4G = wimax (data only)
3G = CDMA2000 1xEV-DO (data only)
2G = CDMA2000 1xRTT (voice only)

The 2G/3G is actually one radio, and it can only be in one mode at a time. So if you're on a phone call, the 2G/3G radio is in 1xRTT mode, which only does voice/sms. If you're in 3G and you get a call, the phone shuts down 1xEV-DO and goes into 1xRTT mode. Calls take precedence over data.

4G is a separate radio, so it can be on simultaneously with the 2G/3G radio. That is how you get simultaneous data and voice if you're on 4G. Same with wifi; that's a separate radio as well.
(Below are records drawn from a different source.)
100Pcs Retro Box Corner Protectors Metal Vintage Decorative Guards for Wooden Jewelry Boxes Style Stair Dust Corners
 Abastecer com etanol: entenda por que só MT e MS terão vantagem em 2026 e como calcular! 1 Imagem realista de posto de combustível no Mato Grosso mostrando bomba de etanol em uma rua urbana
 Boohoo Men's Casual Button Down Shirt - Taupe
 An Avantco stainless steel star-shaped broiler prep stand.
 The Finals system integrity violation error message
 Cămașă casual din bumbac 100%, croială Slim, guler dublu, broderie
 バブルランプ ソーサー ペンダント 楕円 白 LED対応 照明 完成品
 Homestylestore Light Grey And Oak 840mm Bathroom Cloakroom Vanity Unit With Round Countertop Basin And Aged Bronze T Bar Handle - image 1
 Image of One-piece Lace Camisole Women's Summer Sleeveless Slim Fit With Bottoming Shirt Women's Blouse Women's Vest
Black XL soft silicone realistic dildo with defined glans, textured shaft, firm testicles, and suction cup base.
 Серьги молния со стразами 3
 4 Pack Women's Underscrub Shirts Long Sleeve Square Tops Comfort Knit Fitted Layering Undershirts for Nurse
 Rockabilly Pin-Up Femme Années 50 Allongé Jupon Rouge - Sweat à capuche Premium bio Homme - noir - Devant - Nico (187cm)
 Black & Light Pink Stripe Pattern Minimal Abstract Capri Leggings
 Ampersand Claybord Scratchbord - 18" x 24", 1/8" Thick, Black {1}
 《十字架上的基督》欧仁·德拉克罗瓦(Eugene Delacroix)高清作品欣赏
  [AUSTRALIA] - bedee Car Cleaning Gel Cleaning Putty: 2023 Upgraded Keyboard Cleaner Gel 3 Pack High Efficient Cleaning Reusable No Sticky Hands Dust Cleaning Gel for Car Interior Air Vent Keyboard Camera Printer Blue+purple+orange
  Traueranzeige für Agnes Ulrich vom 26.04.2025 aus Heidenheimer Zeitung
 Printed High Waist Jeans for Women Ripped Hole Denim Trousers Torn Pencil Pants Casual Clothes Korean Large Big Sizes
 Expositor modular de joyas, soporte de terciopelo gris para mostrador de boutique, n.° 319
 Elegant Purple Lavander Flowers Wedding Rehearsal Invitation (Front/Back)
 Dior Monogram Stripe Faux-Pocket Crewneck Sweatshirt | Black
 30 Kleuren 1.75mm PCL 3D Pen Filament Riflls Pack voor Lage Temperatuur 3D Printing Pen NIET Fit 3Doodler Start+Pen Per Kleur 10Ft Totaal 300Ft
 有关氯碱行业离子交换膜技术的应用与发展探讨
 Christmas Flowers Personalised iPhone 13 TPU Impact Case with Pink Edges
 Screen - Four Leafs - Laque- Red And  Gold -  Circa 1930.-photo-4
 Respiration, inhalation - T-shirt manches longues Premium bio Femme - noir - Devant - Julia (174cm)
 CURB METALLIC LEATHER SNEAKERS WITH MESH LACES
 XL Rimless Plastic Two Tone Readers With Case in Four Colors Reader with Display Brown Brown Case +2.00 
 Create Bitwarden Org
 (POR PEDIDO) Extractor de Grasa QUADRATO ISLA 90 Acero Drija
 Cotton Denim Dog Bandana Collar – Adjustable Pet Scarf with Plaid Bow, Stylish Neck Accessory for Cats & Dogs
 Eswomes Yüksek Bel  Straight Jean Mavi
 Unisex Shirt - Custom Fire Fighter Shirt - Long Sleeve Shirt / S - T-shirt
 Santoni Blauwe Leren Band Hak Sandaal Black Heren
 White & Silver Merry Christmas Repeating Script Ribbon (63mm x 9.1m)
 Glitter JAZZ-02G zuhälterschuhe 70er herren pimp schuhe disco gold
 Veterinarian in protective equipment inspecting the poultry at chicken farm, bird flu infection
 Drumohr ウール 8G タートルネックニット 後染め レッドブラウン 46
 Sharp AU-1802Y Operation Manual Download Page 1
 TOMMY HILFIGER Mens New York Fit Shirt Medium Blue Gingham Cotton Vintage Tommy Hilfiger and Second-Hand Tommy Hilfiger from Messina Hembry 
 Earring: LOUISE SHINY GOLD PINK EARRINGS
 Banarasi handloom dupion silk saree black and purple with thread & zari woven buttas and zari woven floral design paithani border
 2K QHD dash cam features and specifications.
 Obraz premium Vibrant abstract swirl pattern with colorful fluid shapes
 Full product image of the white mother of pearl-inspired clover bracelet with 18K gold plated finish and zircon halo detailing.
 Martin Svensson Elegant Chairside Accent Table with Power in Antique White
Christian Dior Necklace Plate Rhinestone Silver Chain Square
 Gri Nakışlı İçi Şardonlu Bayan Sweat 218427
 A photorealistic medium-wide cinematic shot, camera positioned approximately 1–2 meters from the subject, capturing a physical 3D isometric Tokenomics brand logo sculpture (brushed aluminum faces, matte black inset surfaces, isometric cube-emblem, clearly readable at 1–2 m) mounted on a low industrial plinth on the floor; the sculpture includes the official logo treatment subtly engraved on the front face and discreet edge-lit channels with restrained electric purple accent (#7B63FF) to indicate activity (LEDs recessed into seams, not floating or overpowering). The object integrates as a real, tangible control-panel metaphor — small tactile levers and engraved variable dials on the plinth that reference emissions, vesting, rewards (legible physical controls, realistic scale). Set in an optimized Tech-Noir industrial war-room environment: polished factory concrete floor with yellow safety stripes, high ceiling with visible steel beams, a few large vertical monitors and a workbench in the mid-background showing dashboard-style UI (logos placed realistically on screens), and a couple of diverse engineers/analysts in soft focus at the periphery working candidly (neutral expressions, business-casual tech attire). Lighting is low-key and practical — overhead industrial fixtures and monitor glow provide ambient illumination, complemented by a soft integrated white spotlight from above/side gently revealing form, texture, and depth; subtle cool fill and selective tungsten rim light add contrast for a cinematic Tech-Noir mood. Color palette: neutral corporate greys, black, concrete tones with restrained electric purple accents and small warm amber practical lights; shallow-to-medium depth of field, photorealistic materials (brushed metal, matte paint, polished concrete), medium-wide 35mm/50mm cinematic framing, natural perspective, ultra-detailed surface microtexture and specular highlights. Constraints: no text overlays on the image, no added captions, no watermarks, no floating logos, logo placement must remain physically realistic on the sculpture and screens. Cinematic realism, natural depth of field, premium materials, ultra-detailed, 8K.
Our phones programatically shut off 3G when the 4G radio is on. So if you have 4G, you're using wimax and 1xRTT. If you are connected to a wifi hotspot, you are using 802.11b/g/n and 1xRTT.

We can toggle 4G and wifi. We can also toggle the 1xEV-DO (HTC calls this "mobile network" in the settings). But there's no toggle for 1xRTT unless you use airplane mode, which shuts off all radios and remembers their last state.

So for call quality tests, it doesn't matter what radios are on. The only one that matters is the 1xRTT, which is represented by the 6 vertical bars near the battery indicator in the status bar. If you use the app I mentioned in this thread during your call, you will see that the signal type will be 1xRTT.

It's a common misconception that we do voice on 4G and 3G. When I was reading Bobby's post I was like say what! But you explained things perfectly.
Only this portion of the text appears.